Activity: In the listing that follows, locate the line containing "In today's tech" and the line containing "Floor bed accessories". Retype exactly those two lines and every line between them, and nothing more.

Dataset entries Block Start

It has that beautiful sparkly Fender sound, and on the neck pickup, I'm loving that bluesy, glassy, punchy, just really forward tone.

Dataset entries Block End
Dataset entries Block Start

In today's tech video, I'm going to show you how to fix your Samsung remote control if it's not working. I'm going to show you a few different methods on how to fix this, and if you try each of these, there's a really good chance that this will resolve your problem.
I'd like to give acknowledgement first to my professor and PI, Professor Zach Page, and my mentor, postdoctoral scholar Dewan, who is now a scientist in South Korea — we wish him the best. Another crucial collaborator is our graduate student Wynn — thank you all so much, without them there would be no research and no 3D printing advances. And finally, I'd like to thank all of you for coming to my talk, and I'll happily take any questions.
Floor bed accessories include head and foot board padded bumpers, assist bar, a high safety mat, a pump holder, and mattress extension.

Dataset entries Block End
Dataset entries Block Start

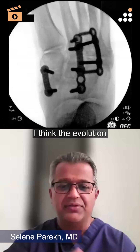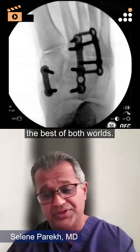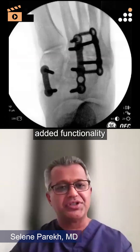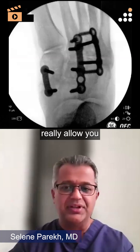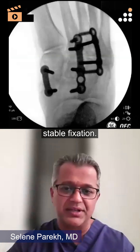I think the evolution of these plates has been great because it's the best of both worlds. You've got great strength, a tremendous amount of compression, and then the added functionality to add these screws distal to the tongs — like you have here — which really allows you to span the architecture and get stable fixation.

Dataset entries Block End

Problem solution:
In today's tech video, I'm going to show you how to fix your Samsung remote control if it's not working. I'm going to show you a few different methods on how to fix this, and if you try each of these, there's a really good chance that this will resolve your problem.
I'd like to give acknowledgement first to my professor and PI, Professor Zach Page, and my mentor, postdoctoral scholar Dewan, who is now a scientist in South Korea — we wish him the best. Another crucial collaborator is our graduate student Wynn — thank you all so much, without them there would be no research and no 3D printing advances. And finally, I'd like to thank all of you for coming to my talk, and I'll happily take any questions.
Floor bed accessories include head and foot board padded bumpers, assist bar, a high safety mat, a pump holder, and mattress extension.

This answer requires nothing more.